INTERACT FORUM

Please login or register.

Login with username, password and session length
Advanced search  
Pages: [1]   Go Down

Author Topic: Expression to find and remove string + x number of characters from [Name]  (Read 2564 times)

Mike Foran

  • World Citizen
  • ***
  • Posts: 212

I'm getting all OCD on getting my Classical music organized. I have copied most of my composer's composition catalog numbers to their own library field, so I can easily sort and identify them by "Op. 1," "Op. 2," etc. What I am trying to do do is unify the name of each piece so the format is [Composition]: [Name]. The first step is to remove the string "Op."+x where x represents a number of characters to the right of "Op." to include, and then remove from the name. For those with Classical collections, you know that there is no standard formatting, so I'll have to modify this expression depending on the group of files I am applying it to, but I'd like it to be adaptable as possible, able to remove the phrase+additional characters, no matter where they are in the [Name] filed.

I'm pretty sure it will involve Regex but I'm not great with the syntax of this and I would appreciate some help on it.
Logged

Moe

  • MC Beta Team
  • Citizen of the Universe
  • *****
  • Posts: 718
  • Hi

Can you list like 3-5 examples of what you have now and how you'd like them to end up?  That will help to figure it out.
Logged

Mike Foran

  • World Citizen
  • ***
  • Posts: 212

Sure, here are some various filenames that I would like to revise in one fell swoop:

Fantasia for piano, chorus and orchestra in C minor, Op. 80 'Choral Fantasy' - Adagio
Missa solemnis in D major, Op. 123 - II. Gloria: Amen, in gloria Dei Patris
Christus am Ölberge (Oratorium) Op. 85 - Arie 'Preist des Erlösers Güte'

In each case, I would like to remove the string "Op. " + the following number. If it were just "Op. " that's an easy fix. But the following number is different, and generally has between 1 and 4 digits. So after running the expression on the name, the results should be:

Fantasia for piano, chorus and orchestra in C minor,  'Choral Fantasy' - Adagio
Missa solemnis in D major,  - II. Gloria: Amen, in gloria Dei Patris
Christus am Ölberge (Oratorium)  - Arie 'Preist des Erlösers Güte'

I can clean up the double spaces and extra dashes on a separate step.

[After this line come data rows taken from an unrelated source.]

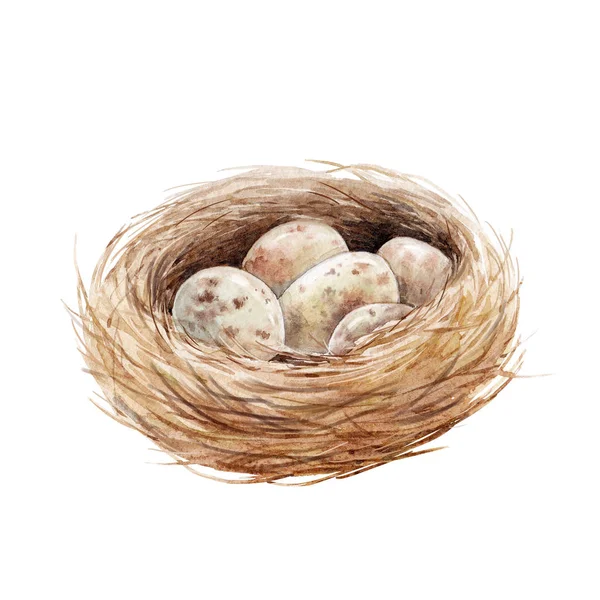 Watercolor bird nest with eggs — Stock Photo, Image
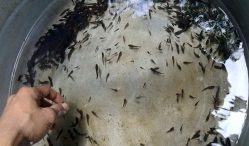 Cara Ternak Ikan Cupang Untuk Pemula, Lengkap Di Rumah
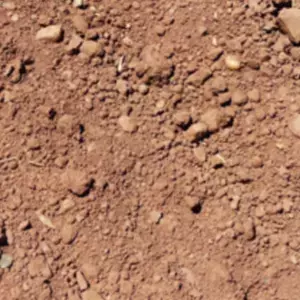 ดินดาน ซีแล๊ก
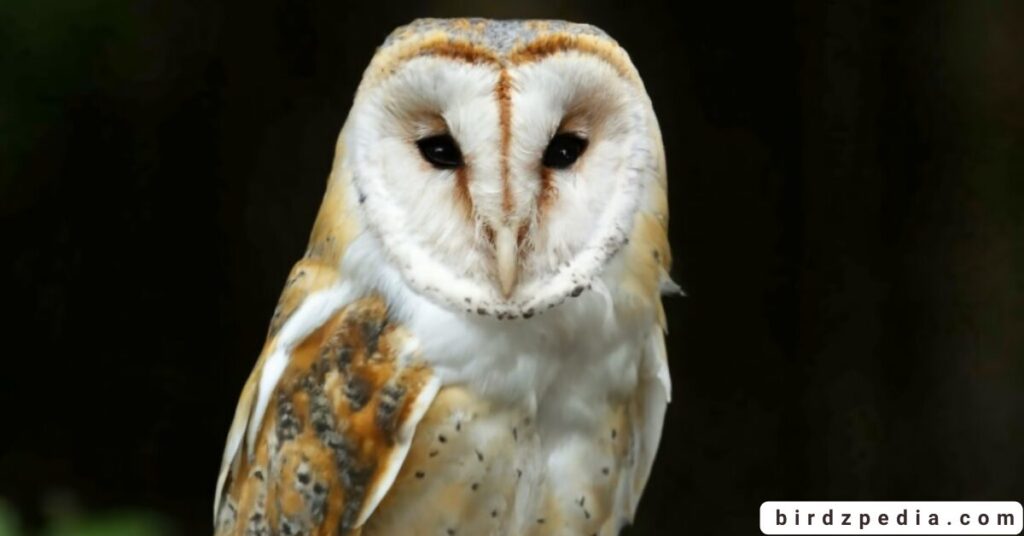barn owl symbolism birdzpedia.com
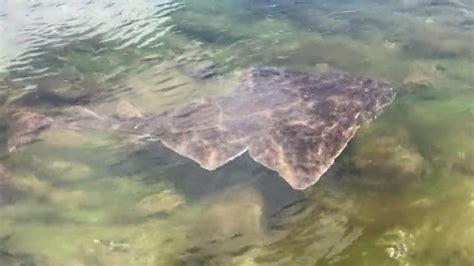 Rare Critically Endangered Angel Shark Spotted By Kayakers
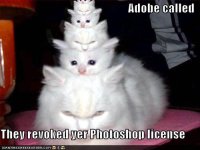 funny-pictures-adobe-photoshop-license-revoked.jpg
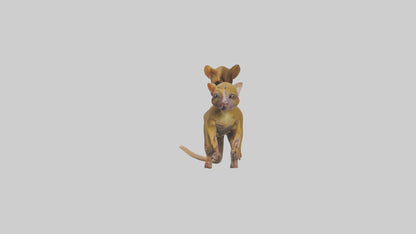 3D model Kinkajou climbing model VR / AR / low-poly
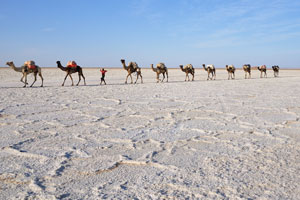 Route of the caravans passes through the Danakil desert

I've been trying to figure it out but I'm not a programmer or scripter. But I thought this would work:

=regex([Name], /#^Op. (\d+)#/, 1)Replace([Name],Op. [R1],)

But it doesn't.
Logged

blgentry

  • Regular Member
  • Citizen of the Universe
  • *****
  • Posts: 8014

You probably want something like:

Code: [Select]
regex([Name],/#(.+)Op.\s\d+\s(.+)#/,-1,0)[R1] [R2]

Put that into an expression column and see how it works.  I tried it on two of your examples and I think I got the intended result.

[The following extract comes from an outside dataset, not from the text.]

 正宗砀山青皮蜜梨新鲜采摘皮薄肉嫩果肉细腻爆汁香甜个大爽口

You might want to read through my regex lesson I posted a while back if you feel like you might be writing more of these yourself.  Regex looks insanely weird until you understand it.  It seems like you already have some understanding already.  Maybe my little post will help solidify some of the ideas for you.

https://yabb.jriver.com/interact/index.php?topic=97996.0

Good luck.

Brian.
Logged

Mike Foran

  • World Citizen
  • ***
  • Posts: 212

You probably want something like:

Code: [Select]
regex([Name],/#(.+)Op.\s\d+\s(.+)#/,-1,0)[R1] [R2]

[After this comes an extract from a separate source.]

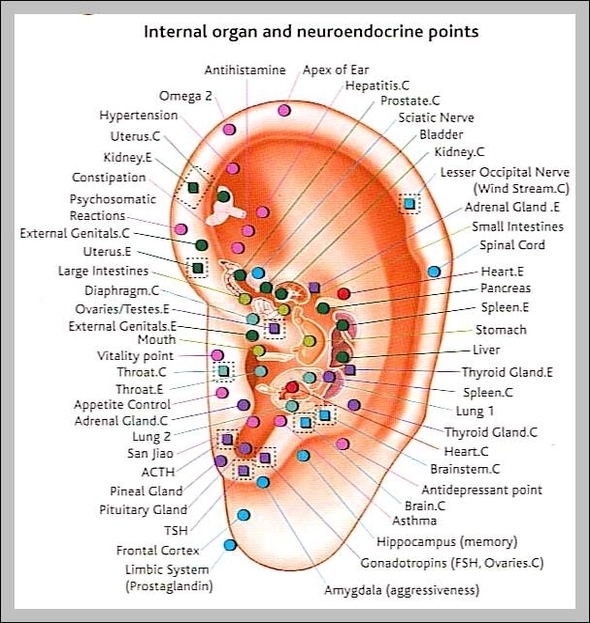 internal organ map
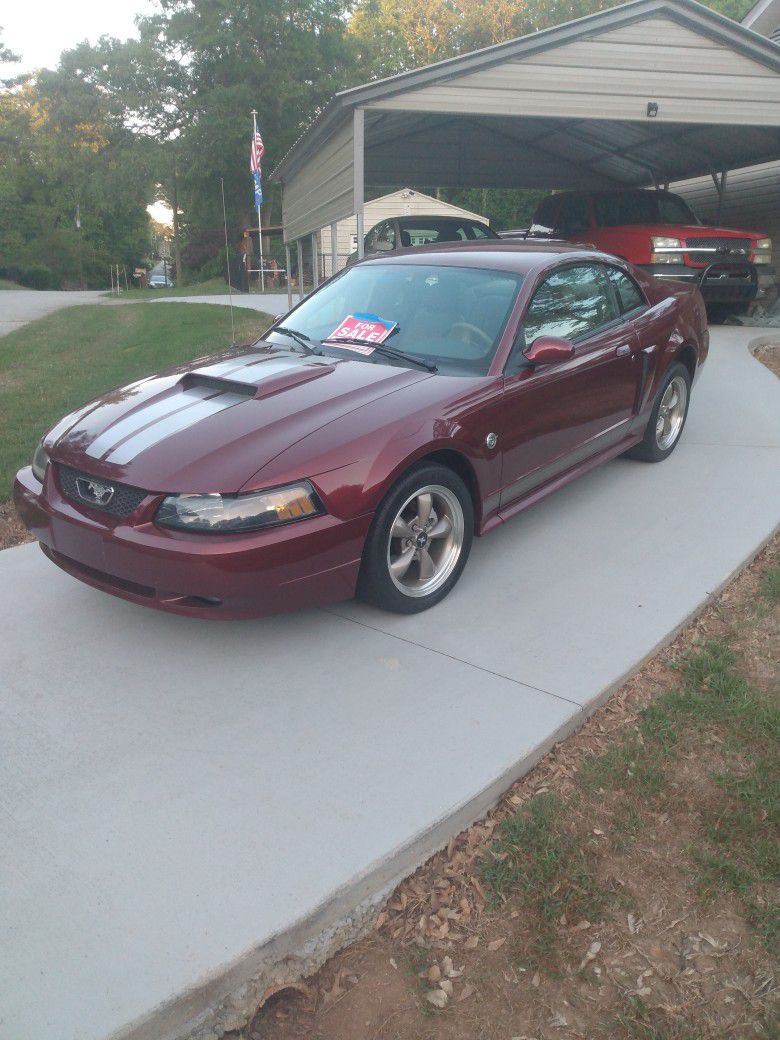 Mustang GT  5.0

Put that into an expression column and see how it works.  I tried it on two of your examples and I think I got the intended result.

You might want to read through my regex lesson I posted a while back if you feel like you might be writing more of these yourself.  Regex looks insanely weird until you understand it.  It seems like you already have some understanding already.  Maybe my little post will help solidify some of the ideas for you.

https://yabb.jriver.com/interact/index.php?topic=97996.0

Good luck.

Brian.

Thank you very much. I did a quick test and this expression worked great. I don't quite understand all the commands in the phrase, but I will read your post on it before I start asking questions. I very much appreciate the help.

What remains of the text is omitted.